- **Problem to work on**
Nothing but the records, repeated word for word and free of pictures, belongs in the answer.

[[ Source data open ]]

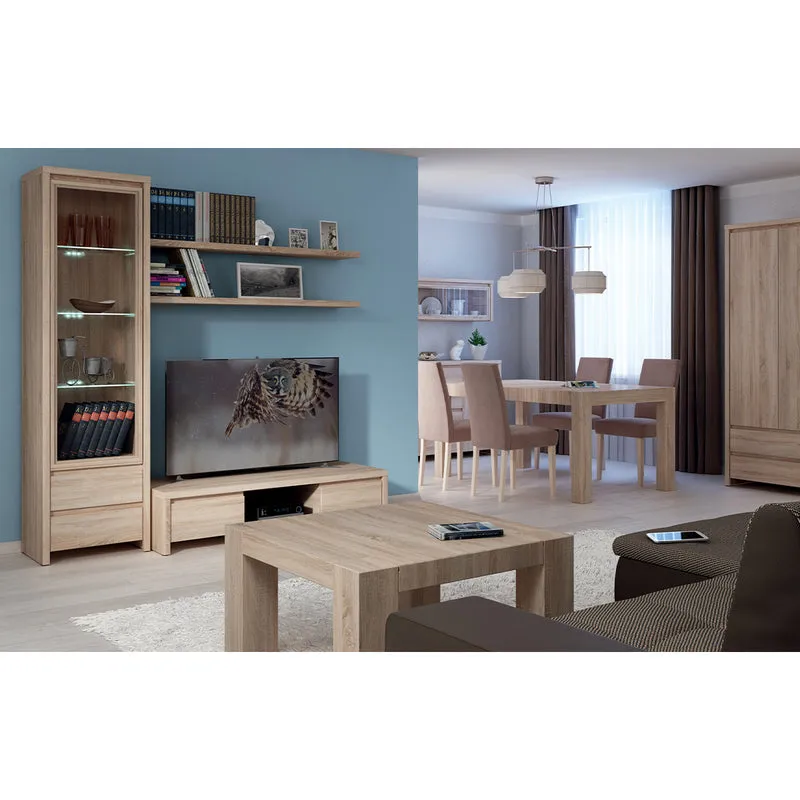 Vitrine 1 porte 2 tiroirs Soren Bois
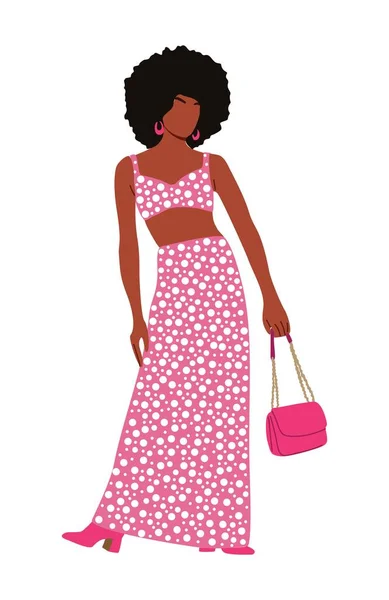 穿着时髦夏装的时髦年轻黑人妇女 漂亮的非洲裔美国女孩穿着高级时尚服装 粉色的蓝色连衣裙 带有波尔卡点的印花 矢量逼真说明 — 图库矢量图片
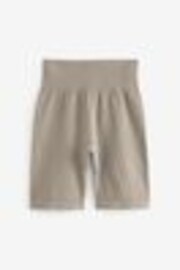 Grey High Waist Ribbed Cycling Shorts - Image 1 of 1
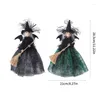 Party Decoration 2 st/set Elegant Halloween Witch Decorations Mysterious Standing Ornament With Spiderweb Dress Broom and Hat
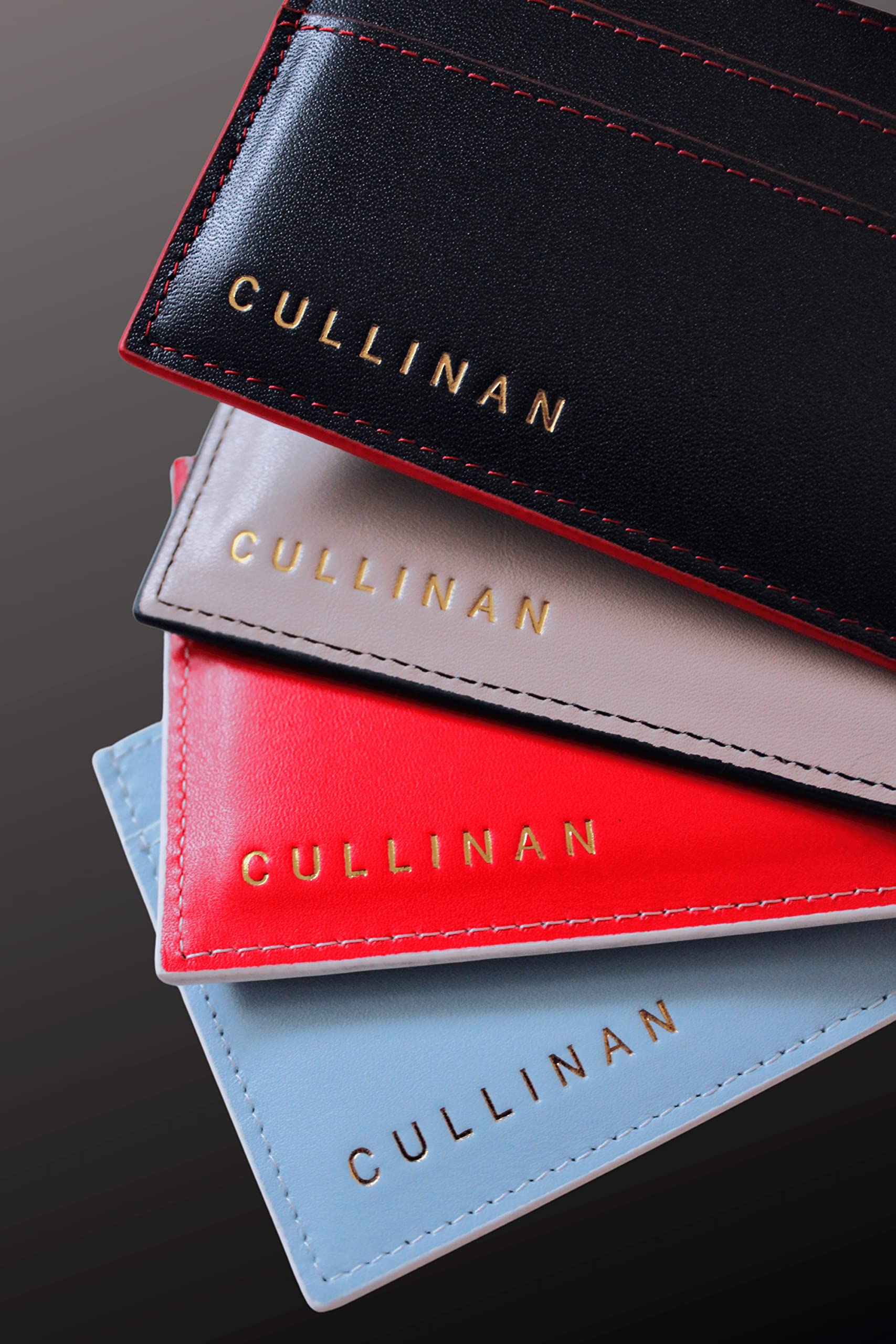 Premium Cullinan Genuine Leather Card Wallet for Men & Women - RFID Blocking, Slim & Stylish (Rosso Red) - Perfect for Travel, Business & Everyday Use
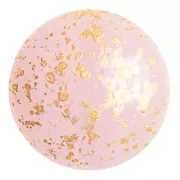Cabochon rond en verre par Puca® 25 mm - Frost Sweet Pink Gold Splash x1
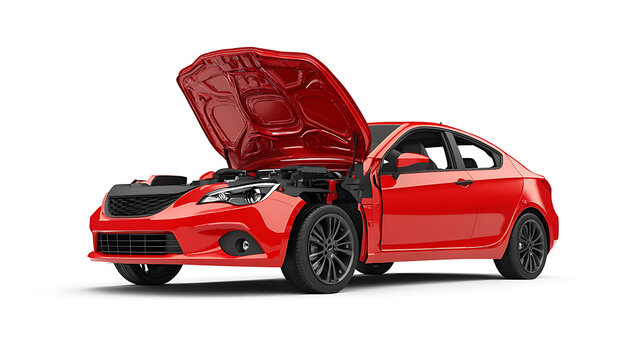 a red new car, with the front bonnet open, isolated on white background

[[ Source data closed ]]

- **Answer to the problem**
 Vitrine 1 porte 2 tiroirs Soren Bois
 穿着时髦夏装的时髦年轻黑人妇女 漂亮的非洲裔美国女孩穿着高级时尚服装 粉色的蓝色连衣裙 带有波尔卡点的印花 矢量逼真说明 — 图库矢量图片
 Grey High Waist Ribbed Cycling Shorts - Image 1 of 1
 Party Decoration 2 st/set Elegant Halloween Witch Decorations Mysterious Standing Ornament With Spiderweb Dress Broom and Hat
 Premium Cullinan Genuine Leather Card Wallet for Men & Women - RFID Blocking, Slim & Stylish (Rosso Red) - Perfect for Travel, Business & Everyday Use
Cabochon rond en verre par Puca® 25 mm - Frost Sweet Pink Gold Splash x1
 a red new car, with the front bonnet open, isolated on white background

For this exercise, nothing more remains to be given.